Yes, God had been abundantly good in bringing Grant into my life. But this was just one of many lessons. Just as God had called me to trust Him in the area of a future husband, He would call me to trust Him every day for the rest of my life.
This day would be a day that I could look back on and remember God’s faithfulness. It would be a monument in my life that I could call to mind when I needed to remind myself that the God who I follow is a God who takes notice of everything. He is a God who cares. He is a God who is concerned about His glory.
This day was just one day in the story that God had been weaving all along. I would have never known so long ago when I had first seen Grant’s photograph in the radio station, that the little blonde headed boy in the picture would one day be my husband. I would have never known that I would marry a Texas Aggie and a Marine Officer. I would have never known that a plane crash that happened when I was just a year old would affect me so greatly and that it would be the factor that brought Grant to visit Beaufort when he was in high school.

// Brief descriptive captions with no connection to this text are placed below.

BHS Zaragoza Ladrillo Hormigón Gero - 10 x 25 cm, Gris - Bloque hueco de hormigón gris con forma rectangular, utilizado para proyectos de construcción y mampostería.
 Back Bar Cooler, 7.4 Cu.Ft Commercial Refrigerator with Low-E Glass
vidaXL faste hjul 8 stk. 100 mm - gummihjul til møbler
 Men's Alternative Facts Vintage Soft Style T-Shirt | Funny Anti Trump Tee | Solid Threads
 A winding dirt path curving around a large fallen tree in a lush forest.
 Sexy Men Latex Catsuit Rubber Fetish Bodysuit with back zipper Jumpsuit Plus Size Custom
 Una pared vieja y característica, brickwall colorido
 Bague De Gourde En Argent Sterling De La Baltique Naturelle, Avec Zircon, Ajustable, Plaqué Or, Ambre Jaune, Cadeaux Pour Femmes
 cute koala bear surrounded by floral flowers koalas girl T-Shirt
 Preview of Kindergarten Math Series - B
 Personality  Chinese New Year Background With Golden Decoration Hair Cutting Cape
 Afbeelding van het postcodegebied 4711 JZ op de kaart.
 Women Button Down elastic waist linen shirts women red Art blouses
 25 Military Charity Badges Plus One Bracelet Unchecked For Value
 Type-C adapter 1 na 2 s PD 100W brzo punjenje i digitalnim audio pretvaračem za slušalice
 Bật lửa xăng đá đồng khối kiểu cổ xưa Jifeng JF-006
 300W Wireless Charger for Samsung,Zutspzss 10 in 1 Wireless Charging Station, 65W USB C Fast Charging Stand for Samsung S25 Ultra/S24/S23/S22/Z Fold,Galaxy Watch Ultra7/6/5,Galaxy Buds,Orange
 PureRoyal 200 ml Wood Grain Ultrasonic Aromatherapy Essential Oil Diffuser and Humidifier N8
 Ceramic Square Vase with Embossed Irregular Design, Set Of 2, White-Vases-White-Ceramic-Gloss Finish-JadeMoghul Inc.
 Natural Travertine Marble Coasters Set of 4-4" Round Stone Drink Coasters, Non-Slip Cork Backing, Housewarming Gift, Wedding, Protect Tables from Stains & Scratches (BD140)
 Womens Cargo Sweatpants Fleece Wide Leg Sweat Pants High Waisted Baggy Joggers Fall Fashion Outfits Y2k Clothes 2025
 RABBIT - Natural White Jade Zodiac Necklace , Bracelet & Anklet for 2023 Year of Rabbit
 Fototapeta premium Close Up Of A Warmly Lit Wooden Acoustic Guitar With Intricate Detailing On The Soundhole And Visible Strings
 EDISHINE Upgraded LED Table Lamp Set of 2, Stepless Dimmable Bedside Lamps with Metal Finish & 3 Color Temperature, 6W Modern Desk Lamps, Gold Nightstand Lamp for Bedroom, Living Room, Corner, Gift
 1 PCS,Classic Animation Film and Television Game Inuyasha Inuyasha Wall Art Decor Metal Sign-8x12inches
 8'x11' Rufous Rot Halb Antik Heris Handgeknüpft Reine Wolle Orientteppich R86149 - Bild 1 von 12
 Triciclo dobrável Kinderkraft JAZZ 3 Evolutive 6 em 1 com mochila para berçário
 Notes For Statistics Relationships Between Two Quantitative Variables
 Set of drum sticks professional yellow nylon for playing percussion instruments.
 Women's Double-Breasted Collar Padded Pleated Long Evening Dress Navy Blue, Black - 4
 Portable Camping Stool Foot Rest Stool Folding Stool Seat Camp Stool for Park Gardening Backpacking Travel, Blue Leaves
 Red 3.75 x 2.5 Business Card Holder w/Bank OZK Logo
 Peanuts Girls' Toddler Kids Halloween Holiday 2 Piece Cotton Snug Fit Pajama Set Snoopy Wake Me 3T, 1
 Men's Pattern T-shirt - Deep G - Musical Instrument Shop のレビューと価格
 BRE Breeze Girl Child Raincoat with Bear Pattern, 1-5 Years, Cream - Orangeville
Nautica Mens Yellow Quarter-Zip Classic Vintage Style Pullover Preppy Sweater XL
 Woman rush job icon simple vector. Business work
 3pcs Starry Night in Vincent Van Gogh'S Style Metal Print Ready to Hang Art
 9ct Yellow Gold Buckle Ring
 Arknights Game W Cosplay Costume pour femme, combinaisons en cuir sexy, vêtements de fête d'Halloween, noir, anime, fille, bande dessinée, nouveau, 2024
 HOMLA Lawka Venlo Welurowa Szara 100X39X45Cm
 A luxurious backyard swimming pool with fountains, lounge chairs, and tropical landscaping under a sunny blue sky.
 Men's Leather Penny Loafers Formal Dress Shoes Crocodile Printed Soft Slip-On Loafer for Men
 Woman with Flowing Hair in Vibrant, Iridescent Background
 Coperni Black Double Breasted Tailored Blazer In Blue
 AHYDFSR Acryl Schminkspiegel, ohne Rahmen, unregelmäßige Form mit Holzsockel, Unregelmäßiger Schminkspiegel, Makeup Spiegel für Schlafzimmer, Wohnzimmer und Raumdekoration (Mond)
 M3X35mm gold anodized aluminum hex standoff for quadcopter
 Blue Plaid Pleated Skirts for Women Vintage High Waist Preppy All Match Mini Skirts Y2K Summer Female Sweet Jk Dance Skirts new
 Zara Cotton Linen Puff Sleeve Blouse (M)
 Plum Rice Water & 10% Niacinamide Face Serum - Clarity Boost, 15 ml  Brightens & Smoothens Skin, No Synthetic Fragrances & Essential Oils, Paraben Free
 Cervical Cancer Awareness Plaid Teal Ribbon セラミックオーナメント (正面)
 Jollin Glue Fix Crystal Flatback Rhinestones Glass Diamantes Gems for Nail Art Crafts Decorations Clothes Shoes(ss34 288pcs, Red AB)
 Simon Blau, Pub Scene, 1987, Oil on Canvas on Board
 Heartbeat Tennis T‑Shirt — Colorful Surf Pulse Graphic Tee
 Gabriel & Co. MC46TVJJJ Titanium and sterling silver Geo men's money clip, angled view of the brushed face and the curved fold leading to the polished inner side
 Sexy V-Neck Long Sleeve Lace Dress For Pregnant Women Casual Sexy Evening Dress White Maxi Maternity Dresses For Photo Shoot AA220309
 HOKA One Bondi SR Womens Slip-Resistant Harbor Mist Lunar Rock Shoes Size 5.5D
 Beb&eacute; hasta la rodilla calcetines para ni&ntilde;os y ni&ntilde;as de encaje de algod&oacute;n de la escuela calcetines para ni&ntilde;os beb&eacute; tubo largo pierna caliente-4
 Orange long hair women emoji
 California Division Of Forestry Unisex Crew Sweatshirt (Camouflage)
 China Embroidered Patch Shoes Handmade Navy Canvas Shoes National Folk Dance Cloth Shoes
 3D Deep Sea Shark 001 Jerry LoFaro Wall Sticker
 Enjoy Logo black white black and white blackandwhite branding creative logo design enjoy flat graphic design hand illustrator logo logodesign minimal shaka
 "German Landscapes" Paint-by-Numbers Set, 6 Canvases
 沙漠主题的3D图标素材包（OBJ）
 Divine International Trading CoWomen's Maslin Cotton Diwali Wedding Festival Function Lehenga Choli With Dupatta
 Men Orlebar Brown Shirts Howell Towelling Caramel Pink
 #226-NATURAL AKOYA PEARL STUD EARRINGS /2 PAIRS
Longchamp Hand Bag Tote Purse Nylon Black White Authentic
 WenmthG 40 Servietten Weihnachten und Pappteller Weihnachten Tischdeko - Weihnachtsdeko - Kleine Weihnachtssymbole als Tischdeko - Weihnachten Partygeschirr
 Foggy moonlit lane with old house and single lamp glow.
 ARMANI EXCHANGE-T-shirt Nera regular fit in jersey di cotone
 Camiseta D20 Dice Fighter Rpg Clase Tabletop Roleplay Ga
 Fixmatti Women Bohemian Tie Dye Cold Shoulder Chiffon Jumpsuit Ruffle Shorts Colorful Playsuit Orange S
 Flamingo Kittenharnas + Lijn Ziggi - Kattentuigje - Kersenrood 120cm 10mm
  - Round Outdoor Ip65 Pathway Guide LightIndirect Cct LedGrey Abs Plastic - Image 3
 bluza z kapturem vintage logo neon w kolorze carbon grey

I didn’t know the big picture. And while I was beginning to see things that I hadn’t seen before, this was only the start.
“GraceAnna, look!” My mom came up to me sometime after we had cut the cake.
I turned in the direction that she was pointing, and there, arching over the salt marsh, was a rainbow.
Grant came up behind me and grabbed my hand.
“Come on! Let’s go out on the dock.”
We headed toward the water’s edge where everyone was gathering to admire the giant bow in the sky.
I didn’t notice at first, but then I realized it was a double rainbow.
Grant, I can’t believe God gave us a rainbow! A double rainbow! My heart filled with joy.
I thought about the very first rainbow that we know of which is recorded in the book of Genesis. It appeared after God’s worldwide judgment of sin.
The earth must have felt so barren and so different after the flood. But as Noah and his family stepped off the ark, they were greeted with a bow of colors in the sky. God was revealing to Noah and his family something about who He was. He was showing them that even in the cloud, He is there. That though the rains may come as a result of our sinful and broken world, He promises grace to those who belong to Him.
I hadn’t wanted it to rain that day. But now I realized why God had brought the rain. He was demonstrating that the way He does things is often the opposite way that we think they should happen. That He so often allows the rain, so that He can show us His glory and His grace in a way that we would have never seen it before.
My eyes filled with tears. I felt like this rainbow was God’s special wedding gift to us.
I felt like God was teaching me a lesson about who He is and who He will always be.
As I gazed at the beautiful array of colors that arched as far as I could see, I felt like He was near. And I knew, that no matter what the future held for us, He promised His grace to bring us through.
“GraceAnna,” Grant said to me as we stood on the dock staring out at the rainbow, “Let’s always follow hard after the Lord all the days of our lives.”
I took Grant’s hand in mine. “Yes, let’s.”